*PROVIDED INFORMATION*.
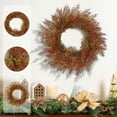 thumbnail image 1 of Herunwer Front-Door Cedar Fall Wreaths,Wreath with Burlap Bow - Weatherproof Outdoor Porch Decor - Ideal Stress Relief Rustic Greenery for Autumn Holiday, 1 of 6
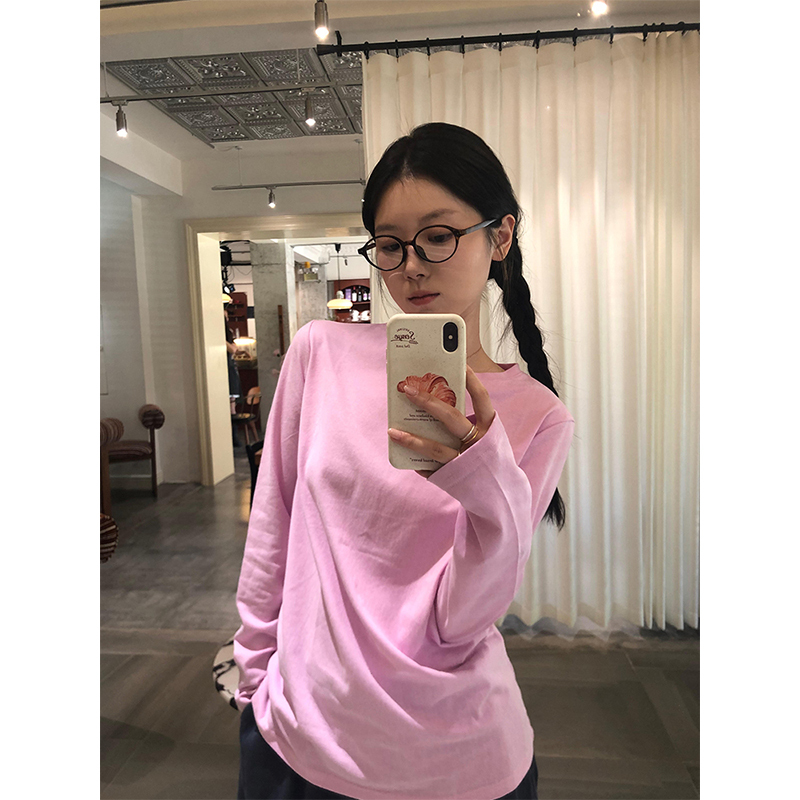 Simple Pink Round-Neck Long-Sleeve T-Shirt for Women, Early Autumn Basic Versatile Slim-Fit Base Shirt, Outerwear Top Simple Pink Round-Neck Long-Sleeve T-Shirt for Women, Early Autumn Basic Versatile Slim-Fit Base Shirt, Outerwear Top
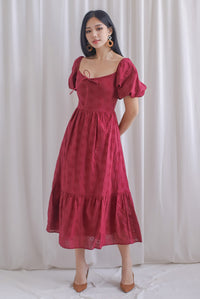 Guinevere Eyelet Tie Front Midi Dress In Wine Red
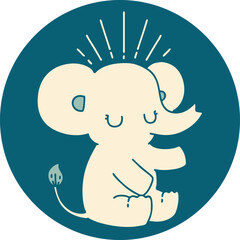 icon of a tattoo style cute elephant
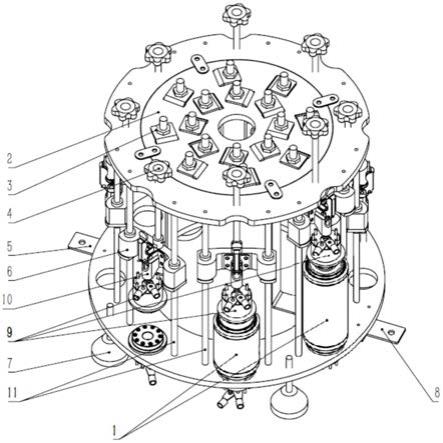 圆柱排列多工位超级电容组合测试工装治具的制作方法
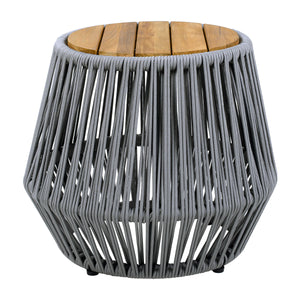 Acacia Wood Side Table with Grey Rope Design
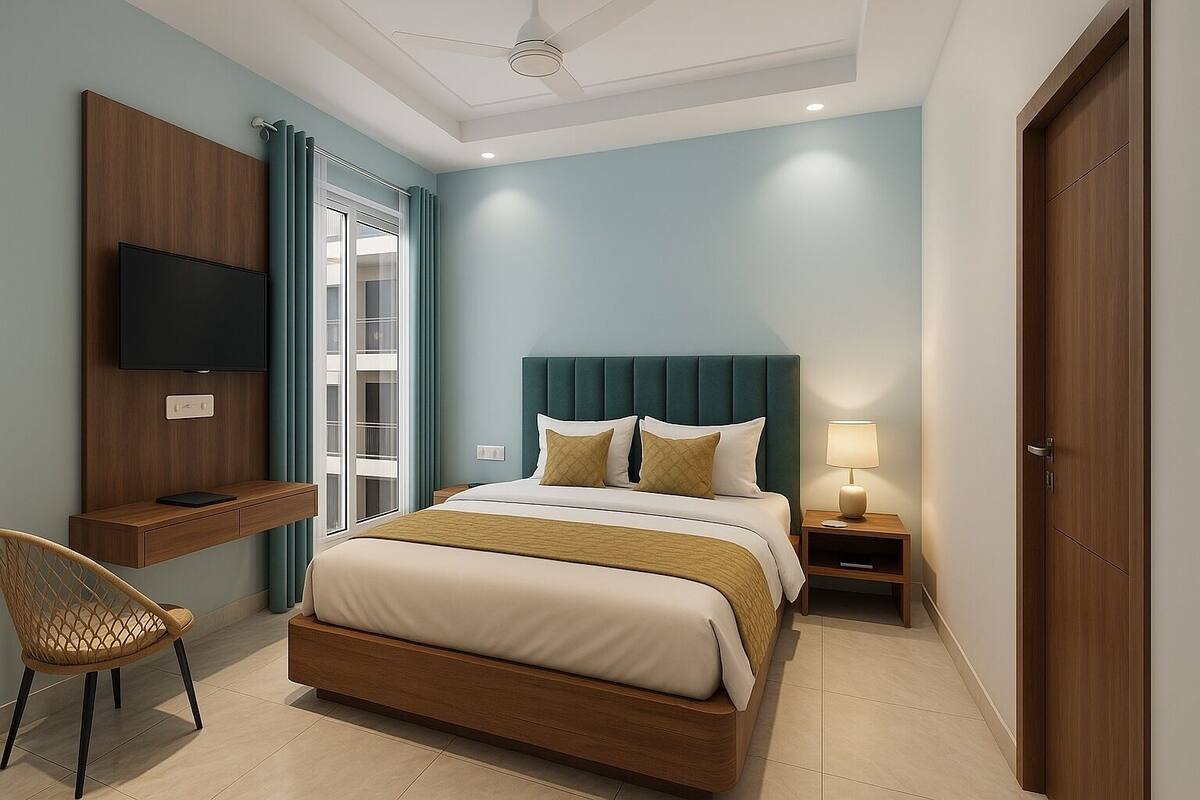 Quarto de hotel moderno com cama, televisão presa à parede, cadeira, mesa de cabeceira com abajur e guarda-roupa.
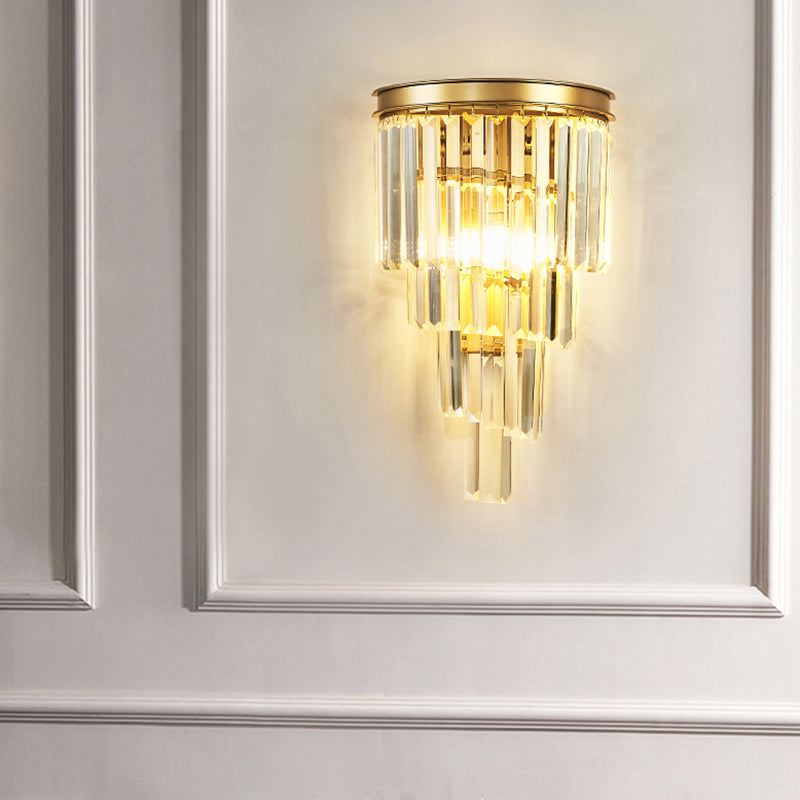 Crystal Tiered Tapered Sconce Fixture Minimalism 1 Head Gold Finish Wall Light for Living Room Clearhalo 'Cast Iron' 'Glass' 'Industrial' 'Modern wall lights' 'Modern' 'Tiffany' 'Traditional wall lights' 'Wall Lamps & Sconces' 'Wall Lights' Lighting' 2327348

*WHAT THE EXERCISE ASKS*.
Each record must appear again exactly as written above, without its pictures.

*EXERCISE OUTPUT*.
 thumbnail image 1 of Herunwer Front-Door Cedar Fall Wreaths,Wreath with Burlap Bow - Weatherproof Outdoor Porch Decor - Ideal Stress Relief Rustic Greenery for Autumn Holiday, 1 of 6
 Simple Pink Round-Neck Long-Sleeve T-Shirt for Women, Early Autumn Basic Versatile Slim-Fit Base Shirt, Outerwear Top Simple Pink Round-Neck Long-Sleeve T-Shirt for Women, Early Autumn Basic Versatile Slim-Fit Base Shirt, Outerwear Top
 Guinevere Eyelet Tie Front Midi Dress In Wine Red
 icon of a tattoo style cute elephant
 圆柱排列多工位超级电容组合测试工装治具的制作方法
 Acacia Wood Side Table with Grey Rope Design
 Quarto de hotel moderno com cama, televisão presa à parede, cadeira, mesa de cabeceira com abajur e guarda-roupa.
 Crystal Tiered Tapered Sconce Fixture Minimalism 1 Head Gold Finish Wall Light for Living Room Clearhalo 'Cast Iron' 'Glass' 'Industrial' 'Modern wall lights' 'Modern' 'Tiffany' 'Traditional wall lights' 'Wall Lamps & Sconces' 'Wall Lights' Lighting' 2327348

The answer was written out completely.